### Data
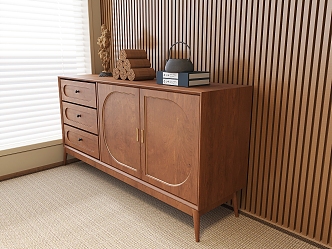 Hallway Cabinet Side Cabinet Bamboo Slips Book Scroll Ancient Books Wire-Brockery Stone Teapot Ornaments 3d model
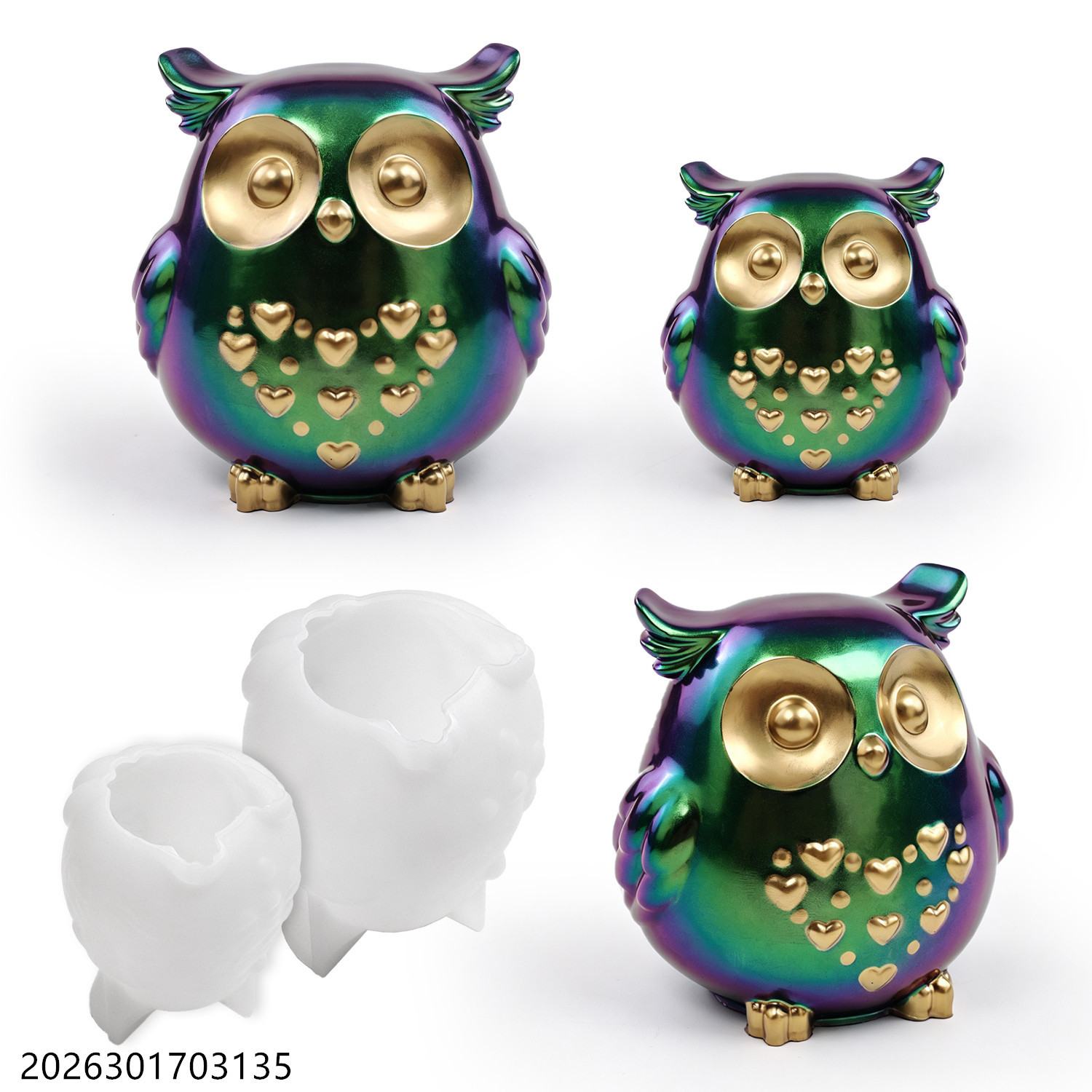 Silicone Epoxy Resin Molds Set - Силиконовая форма «Сова» 3D, набор для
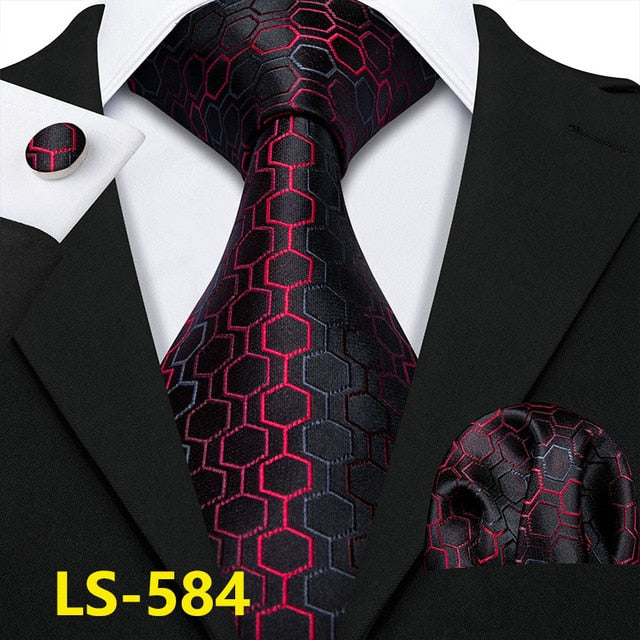 Male Luxury Neck Tie For Men Business Red Striped 100% Silk Tie Set Barry.Wang Fashion Design Neckwear Dropshipping LS-5022 | Vimost Shop.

### What you will do
The finished answer is an exact repetition of the listing, with every picture removed.

### Exercise solution
 Hallway Cabinet Side Cabinet Bamboo Slips Book Scroll Ancient Books Wire-Brockery Stone Teapot Ornaments 3d model
 Silicone Epoxy Resin Molds Set - Силиконовая форма «Сова» 3D, набор для
 Male Luxury Neck Tie For Men Business Red Striped 100% Silk Tie Set Barry.Wang Fashion Design Neckwear Dropshipping LS-5022 | Vimost Shop.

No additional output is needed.